◆ Data provided:
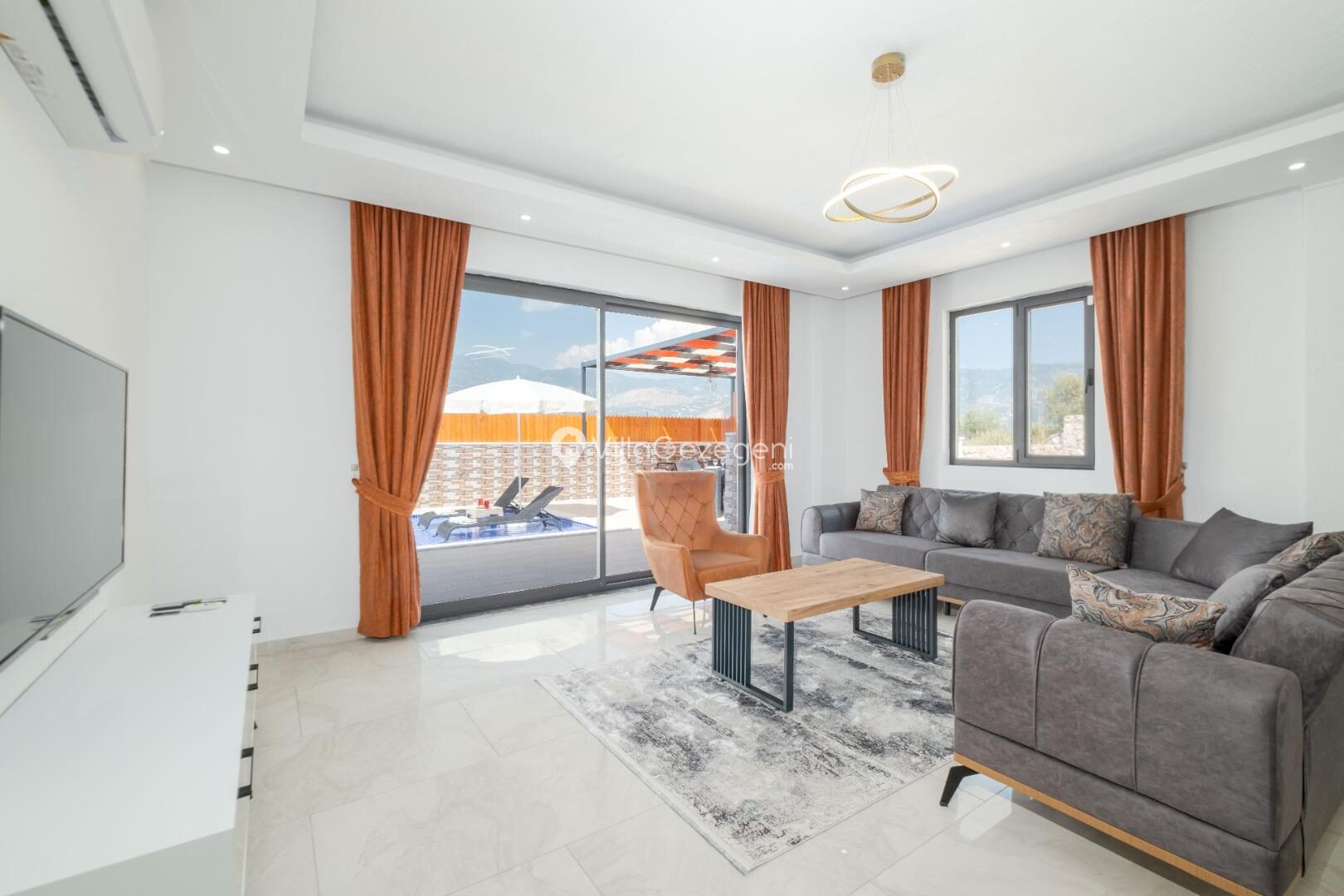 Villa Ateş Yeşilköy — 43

==

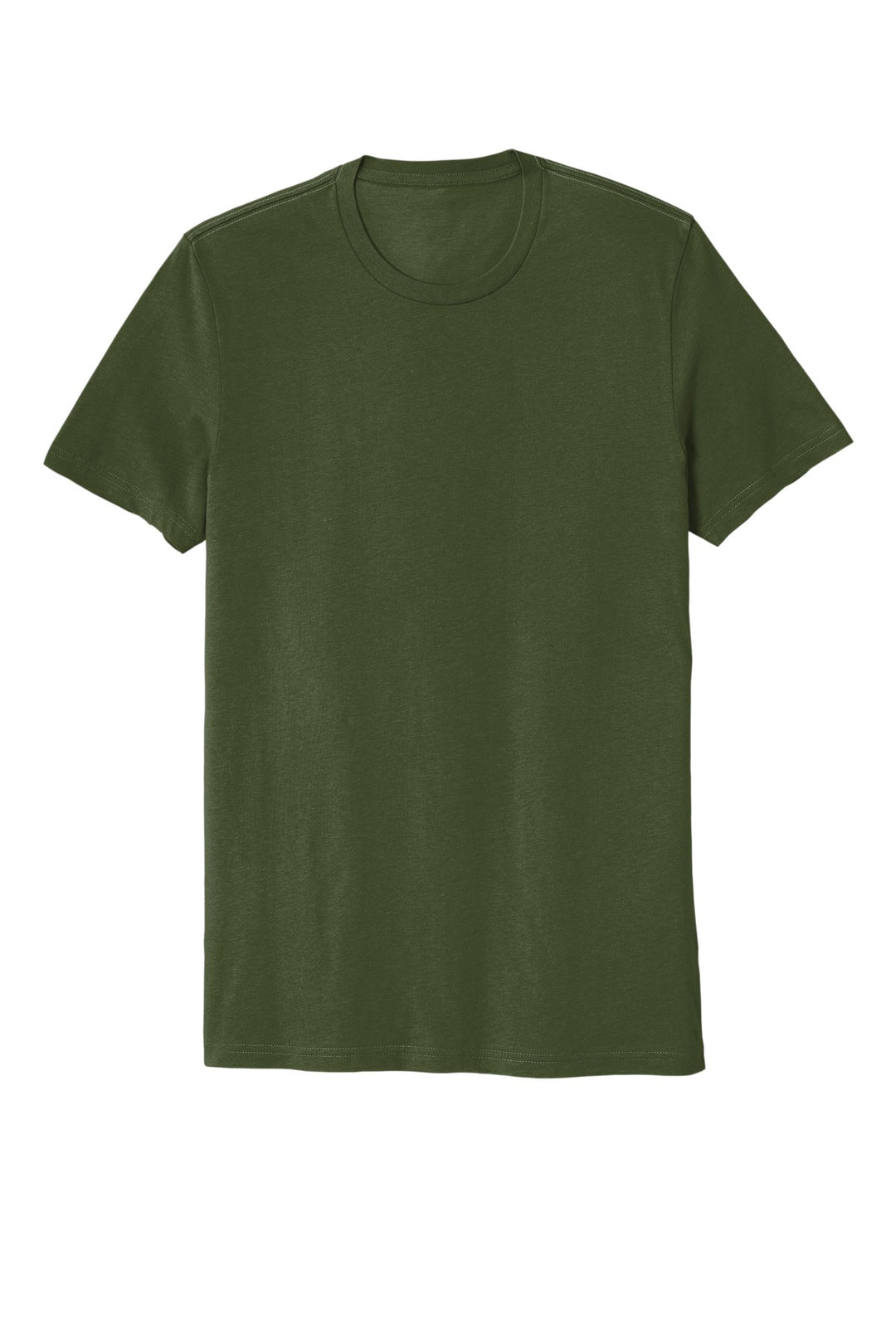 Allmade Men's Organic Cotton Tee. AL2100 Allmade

--

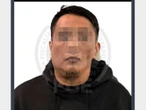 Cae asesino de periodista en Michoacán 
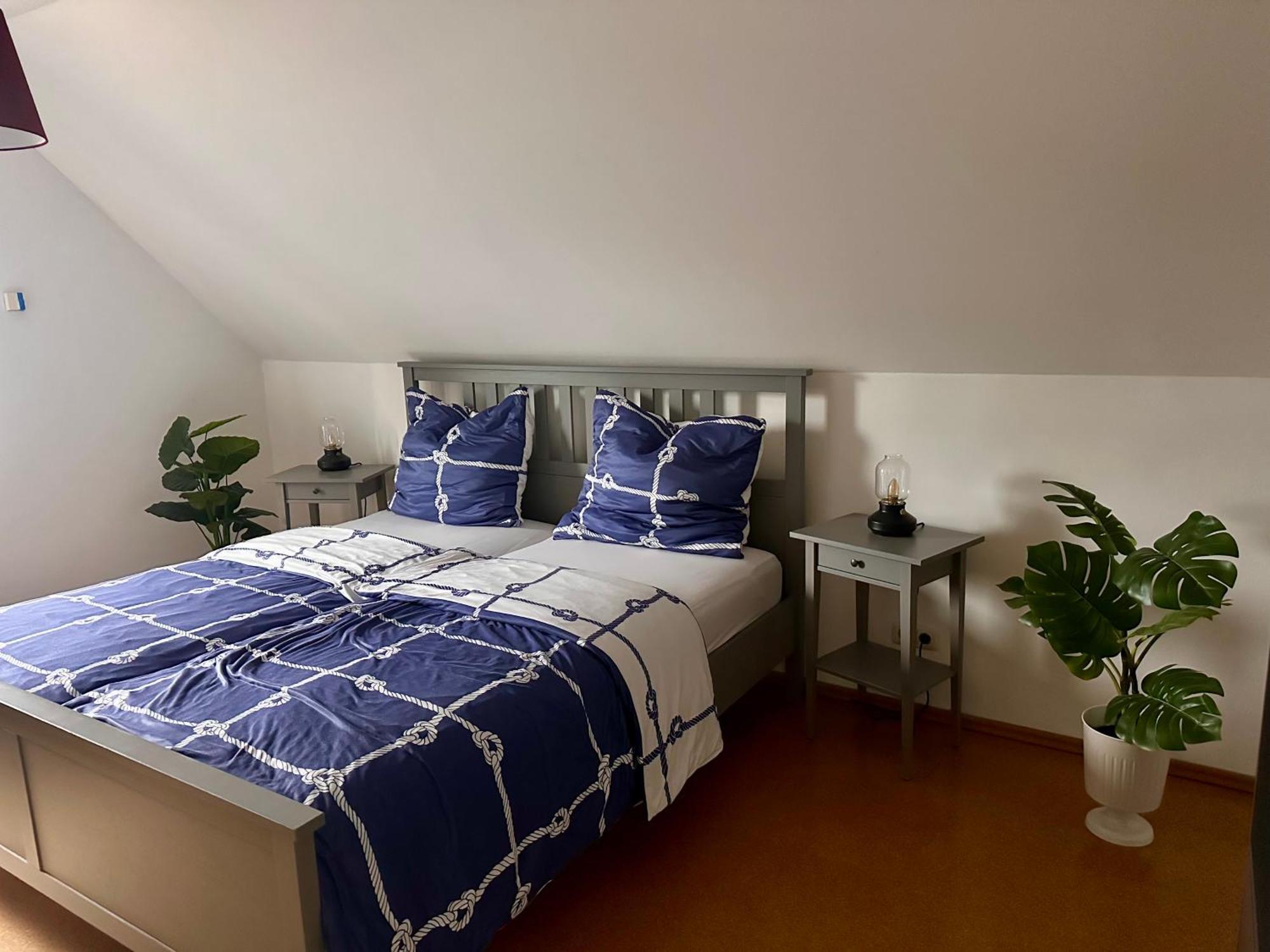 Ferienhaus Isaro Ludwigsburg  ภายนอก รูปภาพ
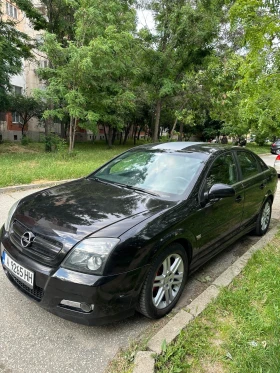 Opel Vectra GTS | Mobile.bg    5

◆ Work task: For this exercise, set down the lines in the entries above from the one with "Ferienhaus Isaro Ludwigsburg" through the one with "Opel Vectra GTS" exactly as written, without any pictures.

◆ Task response:
 Ferienhaus Isaro Ludwigsburg  ภายนอก รูปภาพ
 Opel Vectra GTS | Mobile.bg    5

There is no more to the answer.